[Biojava-l] BioInformatics toolbox.

Patrick McConnell MCCon012@mc.duke.edu
Thu, 11 Apr 2002 16:19:10 -0400


This is my first time writing to this list, so I think I should introduce
myself. My name is Patrick McConnell, and I am a scientific program at the
Duke Bioinformatics Shared Resource.  We work on a variety of things, but I
am currently working on a flexible java framework for high-throughput batch
computing.

In reference to the Bioinforamtics toolbox thread, I do not see complex
data types as an issue.  I have (for some time now), toyed with the idea of
setting up a GUI pipeline like this for bioinformatics web-services. The
way I see it is that one should be able to view the the complex format of
the output of one node (i.e. nested java interfaces or in my case an XML
schema), and draw pipes from particular parts of the data (like hsp
sequence in the blast example) to another node.  You could also install
filters between 'actions' that sort data based on a particular field and
criteria.  In addition to actions and data (actions and pipes), there needs
to be a special action that is an end-point that knows how to do something
intelligent with the data like display it or save it to a file.

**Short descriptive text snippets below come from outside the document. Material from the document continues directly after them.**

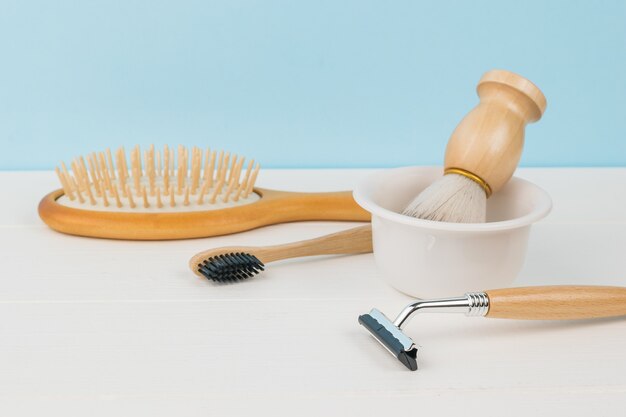 Accessories for men's hygiene on a white table on a blue background.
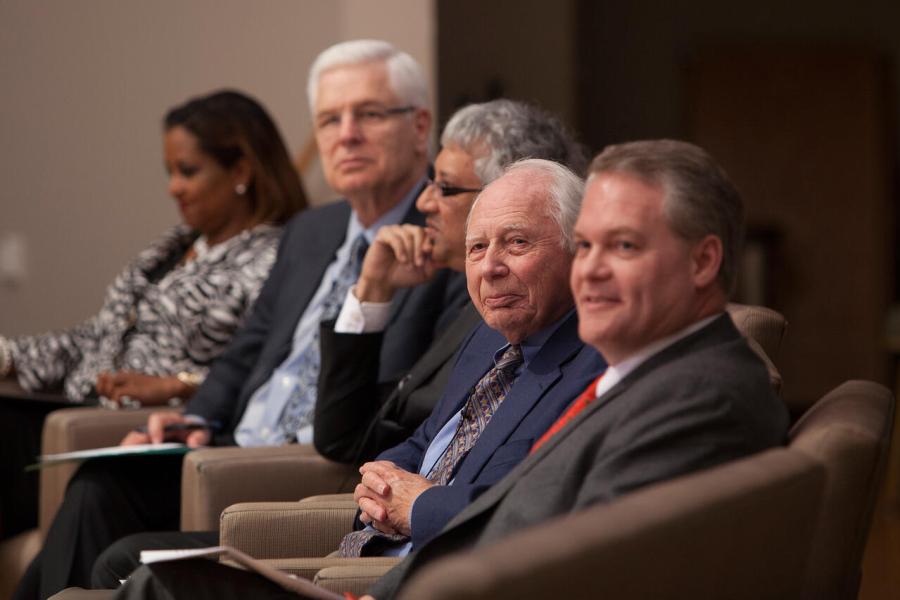 Five people sitting in chairs on a stage for an academic panel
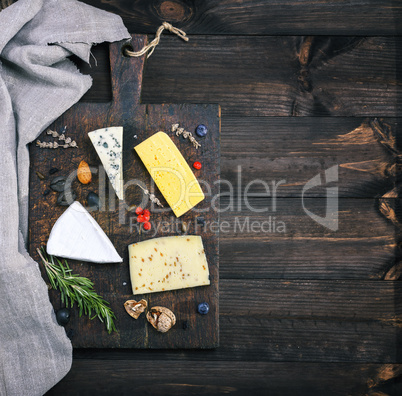 cheeses on a brown wooden board: brie, roquefort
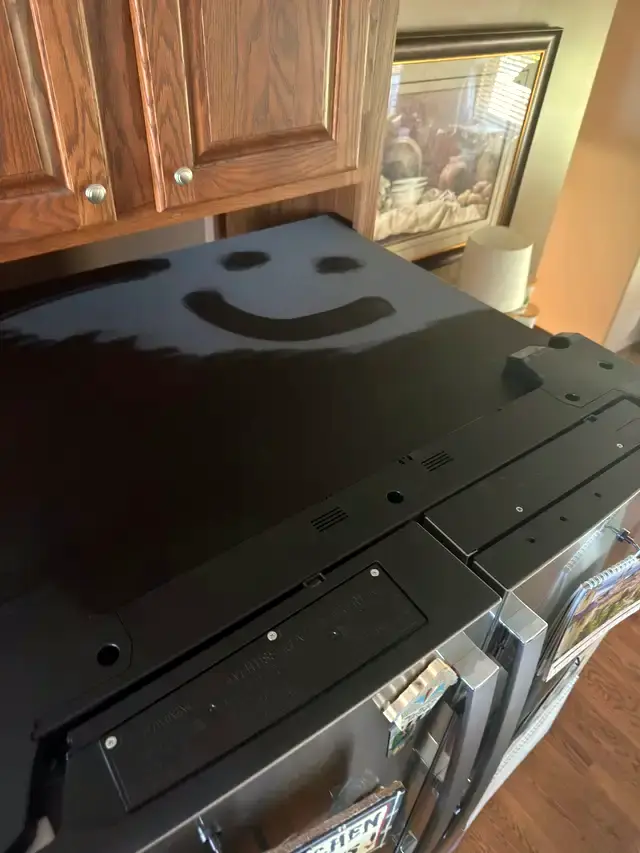 A smiley face drawn in the dust on top of a refrigerator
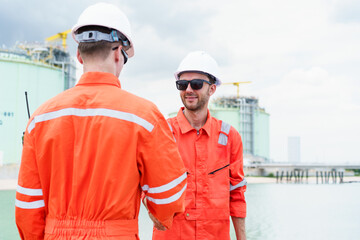 Refinery engineers shaking hands after project success at oil plant.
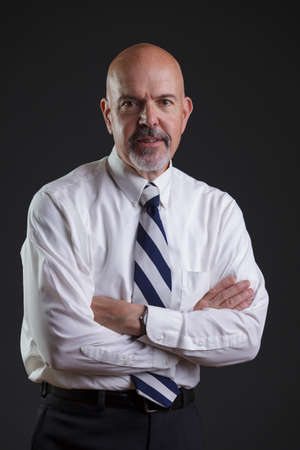 Businessman in white shirt and big strip tie looking serious.の写真素材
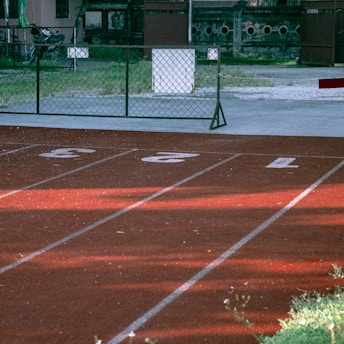 A boy is running on a track with a frisbee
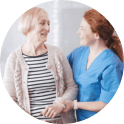 Friendly nurse and female senior patient looking at each other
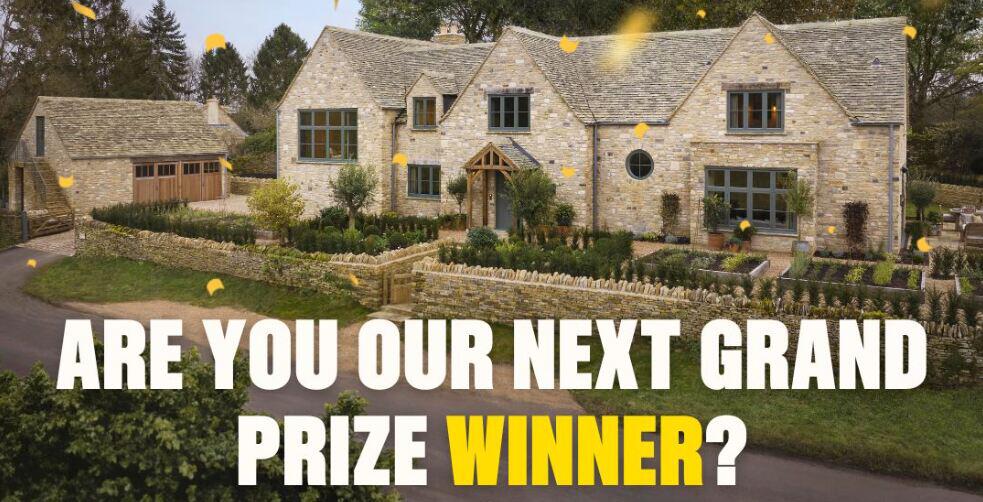 Omaze how to save money guide image - Large house with the the text &apos;are you our next grand prize winner&apos; overlaid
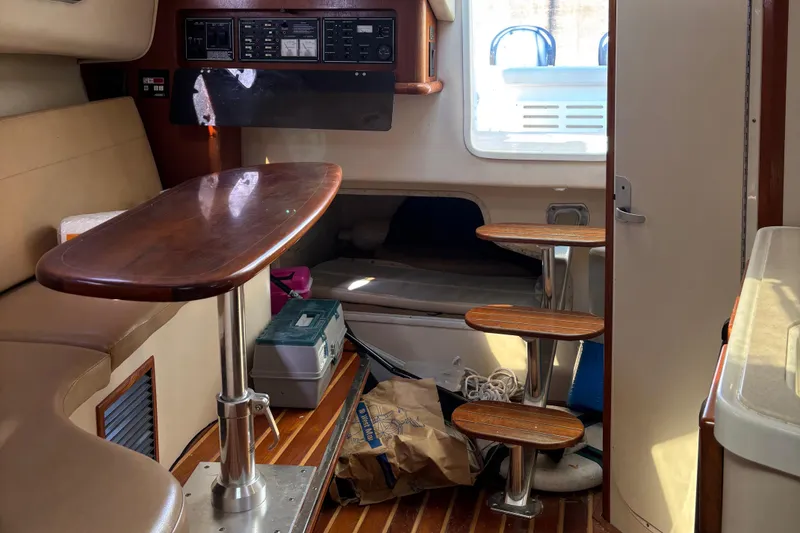 Slide: The Image of Interior of 2006 Pursuit 3370 Offshore boat with wooden table and steps. - 16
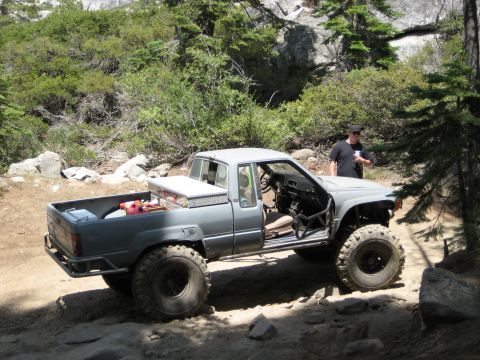 1999 Jeep Grand Cherokee - A modified gray pickup truck sits on a rocky, wooded trail.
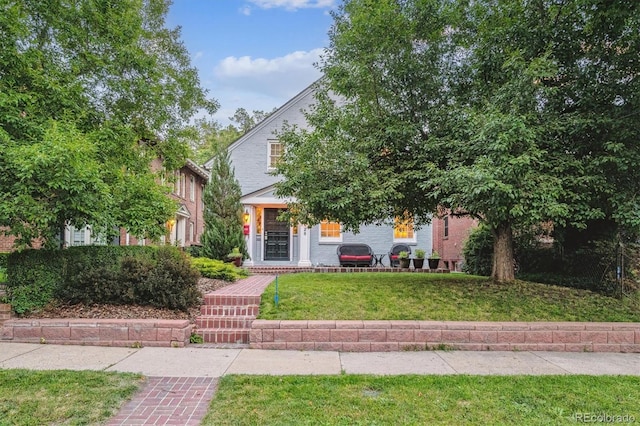 428 N Humboldt St, Denver, CO 80218 - obstructed view of property featuring a front yard
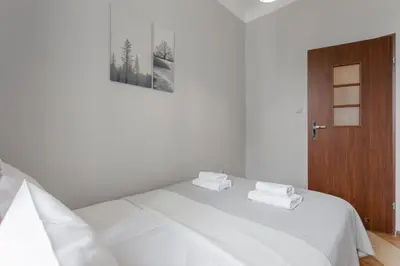 Łóżko lub łóżka w pokoju w obiekcie Urban Chic - Comfortable 2-Bedroom in City Center, Marszałkowska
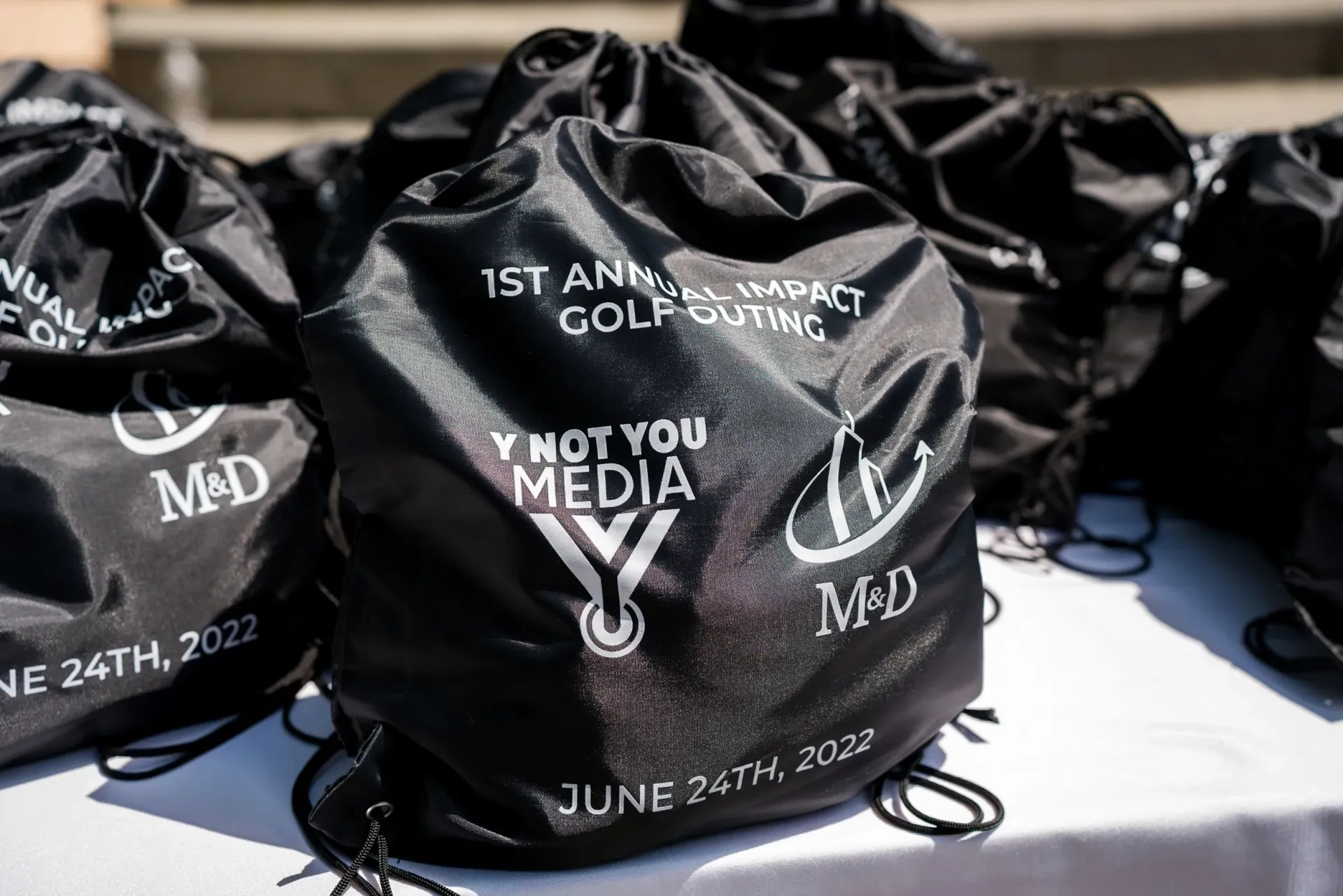 A bunch of black bags with the words i not you media on them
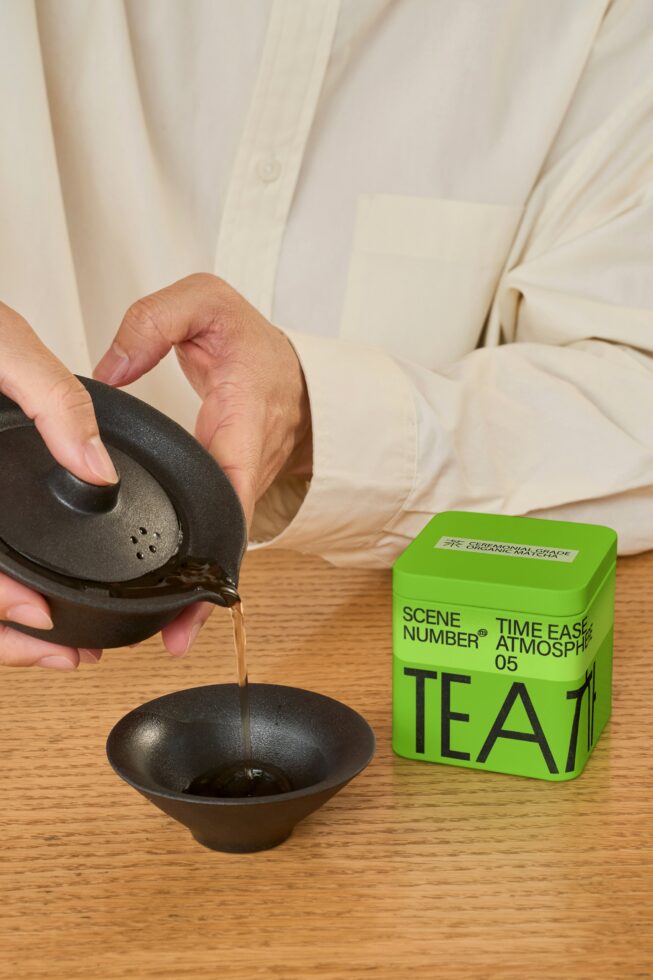 Pouring tea from black ceramic pot into bowl next to green tea packaging box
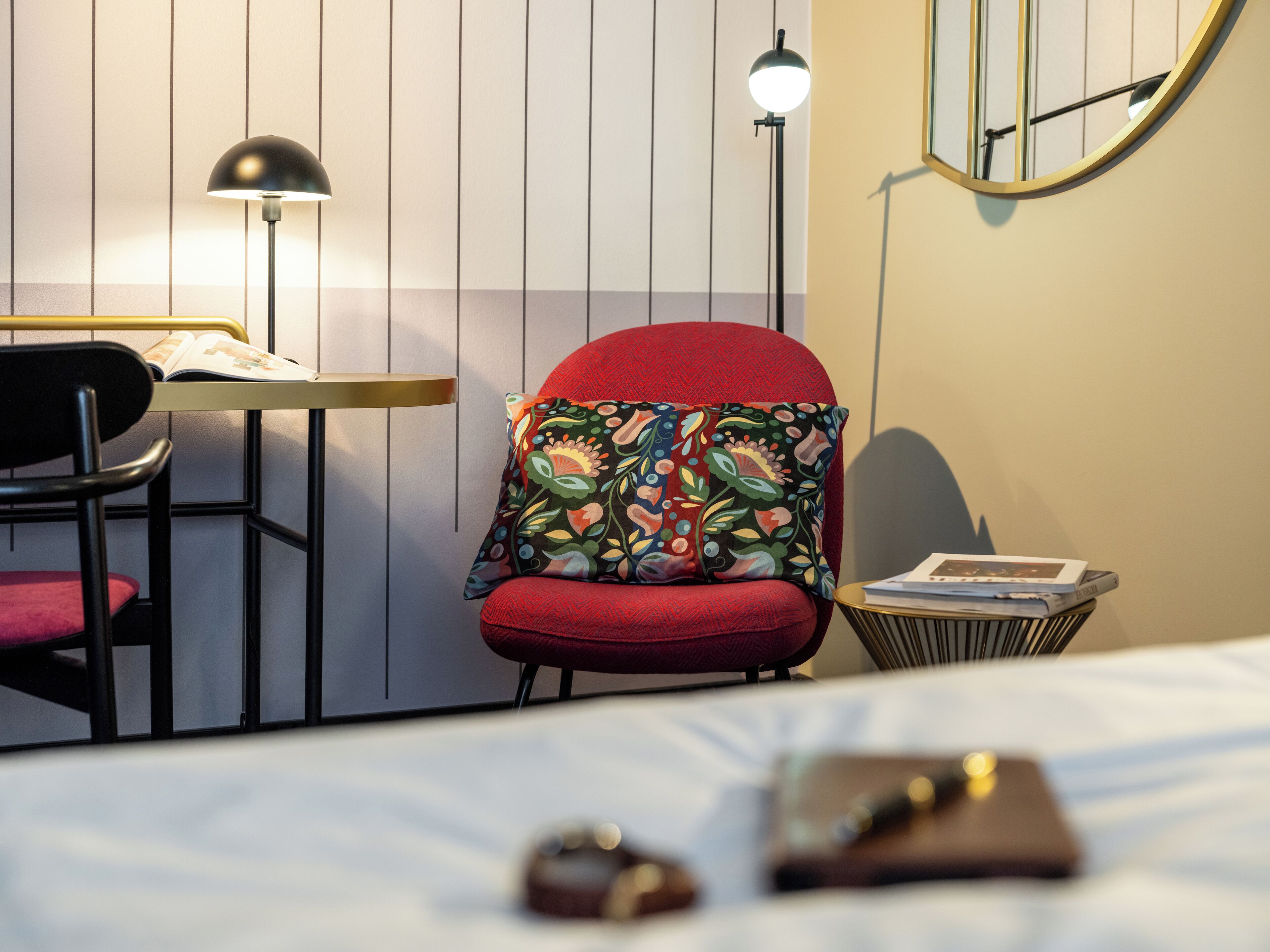 A hotel room with a bed, a red armchair with a colorful cushion, a desk with a lamp, and a small side table with books.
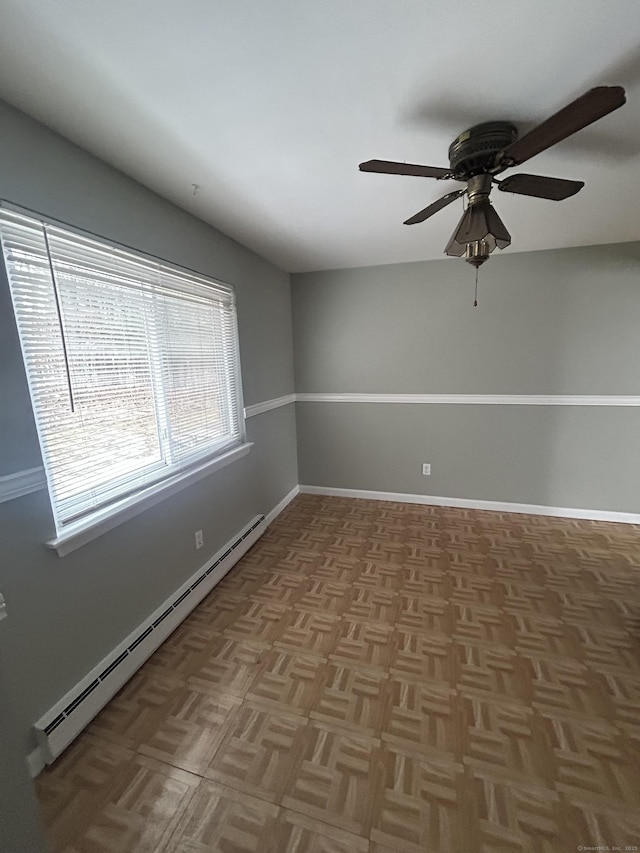 spare room featuring a baseboard heating unit, baseboards, and a ceiling fan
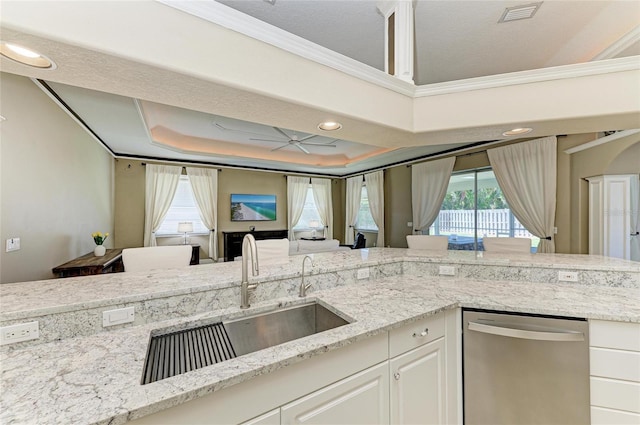 kitchen with visible vents, crown molding, dishwasher, a sink, and a raised ceiling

Personally, I see web-services as an ideal environment for this sort of
toolbox because web services have well defined inputs and outputs (via a
WSDL file).  Has anyone heard of an application of this sort as applied to
web-services?  Assuming no one has (and I am able to find some free time),
I plan to pursue this idea.  Would defining java interfaces for
web-services fall under the biojava project?  What about implementations?
Has anyone attempted to define interfaces for complex data such as blast or
(even worse) Medline articles?

-Patrick

>A number of people have pointed out that several GUI's exist for
>connecting components into pipelines (and I'll add my own- the
>biojava-lims code that I've been working on) and that the existing
>bio{perl,java} classes could probably be extended or wrapped to fit into
>these frameworks.  But I don't think that the combination would yield a
>viable system to let users create their own programs.
>
>When you extend bio{perl.java} classes to get components for these
>GUI's, you'd end up with 2 types : data and actions.  Data components
>(like java beans) would be able to describe their properties.  Action
>components would need to describe the format/requirements for their
>inputs and outputs.  Action components would get their inputs from
>- the outputs of other action components
>- user inputs
>- parameters you specify for the program.
>
>The first problem is how to format the outputs of one action as inputs
>for another.  The bio*'s solve this by providing standard interfaces
>that everything uses.
>
>The second, and I think harder, problem is that you end up with too many
>types of data objects running around and too many types of actions.
>
>Consider a pipeline where you start with genbank accession numbers,
>fetch the sequences, blast the sequences against a local database, and
>do something with the sequences based on the output.  The first part is
>easy to specify.  Input is a list of strings, output is a Sequence
>object.  The sequence object goes to the blast component.  But having a
>GUI specify how to process the blast output is hard because there are
>lots of possibilities.  Trying to specify what should happen through a
>GUI seems like it would either be very confusing (eg a long list of
>options) or very limiting (a short list of options).
>
>I think the best way to start on a toolbox that user's could use is to
>build a toolbox for programmer's the provides useful components and a
>GUI.  Hopefully you have to write less and less code as time goes by to
>the point where users could design their own process without any coding.
>
>Alex